I see several problems. This method primarily approaches the Bible as if it is a human book only, as if the Holy Spirit couldn’t have known what was coming later. It also approaches the Bible as a collection of 66 books and not one book. Dr. Kaiser says the Bible was meant to be read forward not backward. Says who? The NT’s use of the OT means that we have to read it backwards to make sense of it. The example I often use when teaching this is a mystery novel. The first books I can remember reading cover to cover, and then reading them again was Encyclopedia Brown. Those books let you be the detective and try to figure out how the case was solved (the answers were in the back). Once you read a story and knew the end, you could never read it the same way again. When you read it again all of sudden you see clues and hints that point you to the final outcome. That is the way the Apostles tell us to read the OT and see all the shadows of Christ! The OT cannot be read merely on its own terms because it leaves too many issues unresolved in terms of the one grand redemptive story.
Eric’s concern throughout this piece (he mentions it many times) is that in our interpretation we take seriously the authorial intent as the key to the text’s meaning. Should we do this? Absolutely! But, that does not mean that we interpret the Bible like any other human book with simply a human author. There is a dual authorship to the Bible. We have to take into account the Divine Author. Certainly, this doesn’t mean that there is a contradiction or tension between the Divine and human author, but it does mean that the human author could’ve been inspired to write more than he knew at the time (though I think the OT authors had great awareness of Messianic expectation but they also knew there was a deeper meaning to what they were writing than what they fully grasped at the time). First Peter 1:10-12 tells us that prophets who wrote the OT inquired about these things, what person it would be, and that it was revealed to them that they weren’t serving themselves but US!

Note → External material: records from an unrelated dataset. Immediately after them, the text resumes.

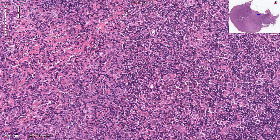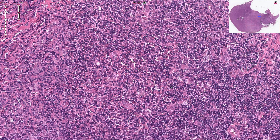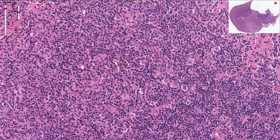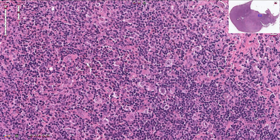The malignant cells — Hodgkin cells and Reed-Sternberg cells — have a typical immunohistochemistry profile. They are CD30 positive with membranous positivity and also Golgi apparatus positivity. CD15 is also very commonly positive; however, these cells are negative for CD45, or common leukocyte antigen.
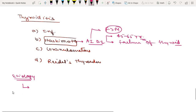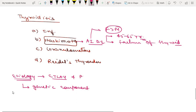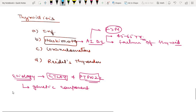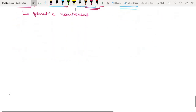As it is an autoimmune disease, Hashimoto thyroiditis has a strong genetic component. Two genes you must remember are CTLA4 and PTPN2. These genes are related to the regulation of T-cell function, so if there is any abnormality in these genes, there will be dysregulation of your immune system.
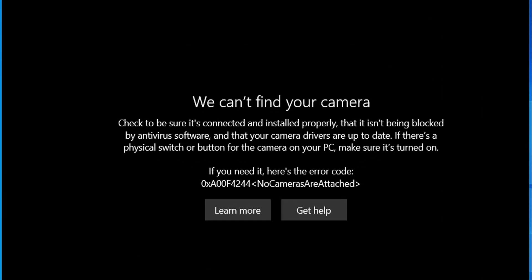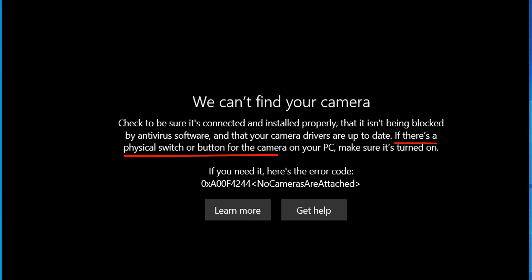The message asks to try some solutions. The first is to check that it's connected and installed properly — but since your laptop has a built-in camera, there's no point connecting or installing it. Another possible solution is to check if the camera is blocked by antivirus software. My laptop uses Windows Defender as the default antivirus, and I've checked several times that it does not block the camera. The last possible solution is to check if there is a physical switch or button for the camera on your PC and make sure it's turned on.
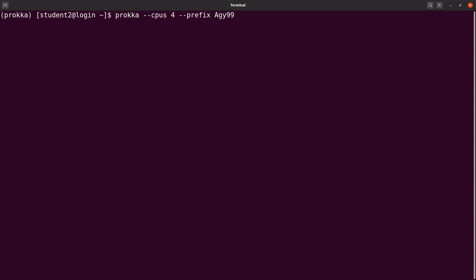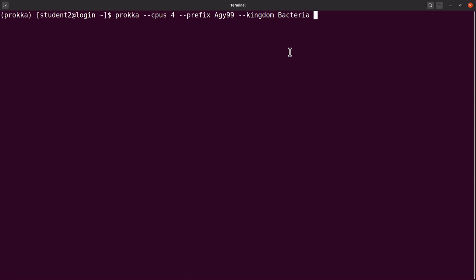Let's also specify kingdom. Let's say bacteria. So Prokka annotates other organisms apart from bacteria and it also uses their respective genetic codes. So specifying that kingdom allows Prokka to use the appropriate genetic code for the annotation. So this time it's bacteria, and so Prokka will know that it has to use the genetic code for bacteria.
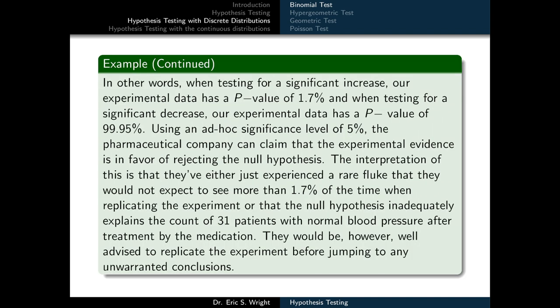When testing for a significant increase, our experimental data has a p-value of 1.7%, and when testing for a significant decrease, a p-value of 99.95%. Using an ad hoc significance level of 5%, the pharmaceutical company can claim that the experimental evidence is in favor of rejecting the null hypothesis. The interpretation is that they've either experienced a rare fluke they would not expect more than 1.7% of the time, or the null hypothesis inadequately explains the count of 31 or more patients with normal blood pressure after treatment. They would be well advised to replicate the experiment before jumping to any unwarranted conclusions.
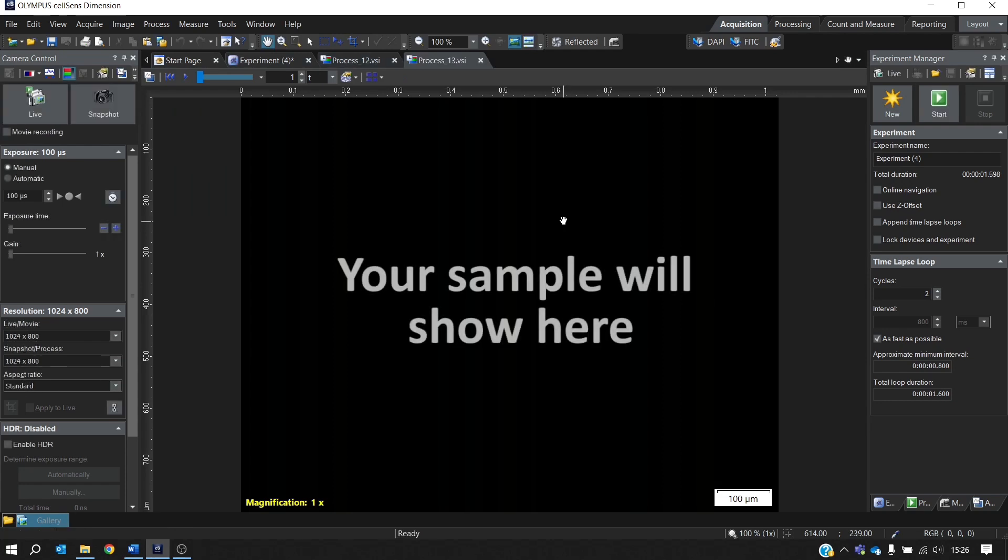I hope this has given you a good start to controlling Cool-LED illumination systems in CellSense. But if you have any more questions or would like more information, then please just get in touch. Thank you for watching.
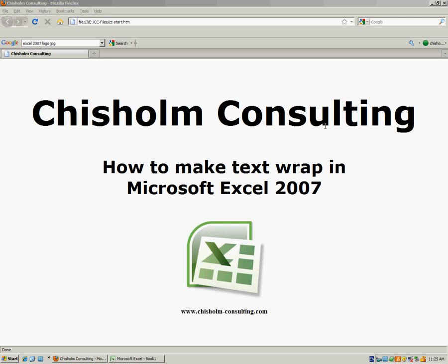How to make text wrap in Microsoft Excel 2007. If you've entered some text in cells and the length of the text exceeds the width of the cells, it's very easy to make that text wrap to a new line in order to make it fit the way you'd like.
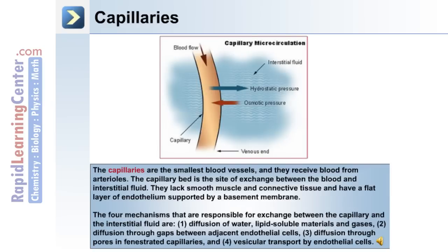The capillaries are the smallest blood vessels and receive blood from arterioles. They are the sites of exchange, and the hydrostatic pressure and osmotic pressure shown drive the exchange of ions and liquids between the vascular and extravascular systems. The capillary bed is a site of exchange between the blood and interstitial fluid. Capillaries lack smooth muscle and connective tissue, having only a flat layer of endothelium supported by a basement membrane. The four mechanisms of capillary exchange are: 1) diffusion of water, lipid-soluble materials, and gases; 2) diffusion through gaps between adjacent endothelial cells; 3) diffusion through pores in fenestrated capillaries; and 4) vesicular transport by endothelial cells.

The criterion of Dr. Kaiser and others that says valid interpretation of a text can only be the meaning intended by the original [human] author and the understanding he expected his first readers to derive from the text within their shared horizon doesn’t do full justice to the unique nature of the Bible (I’ve been greatly helped by Johnson’s critique of Kaiser; cf. Him We Proclaim, 138-160). It doesn’t make sense of multiple claims in the NT that the OT documents weren’t ultimately written for the original audience but also for “our instruction, on whom the end of the ages has come” (1 Cor 10:11). It doesn’t handle well 1 Peter 1:10-12 that says the authors longed to understand what they were writing in its fullness. This criterion also falters when we consider that we don’t always know who the author or audience was!
This approach strives to be objective, which is a commendable goal, but it doesn’t account for a Divine Author “who knows exhaustively” how the text will fit into the larger pattern of the plan of redemption fulfilled in Christ (Johnson, Him We Proclaim, 138-39). The human author may not know all the fullness of what he is writing, but the Divine Author does!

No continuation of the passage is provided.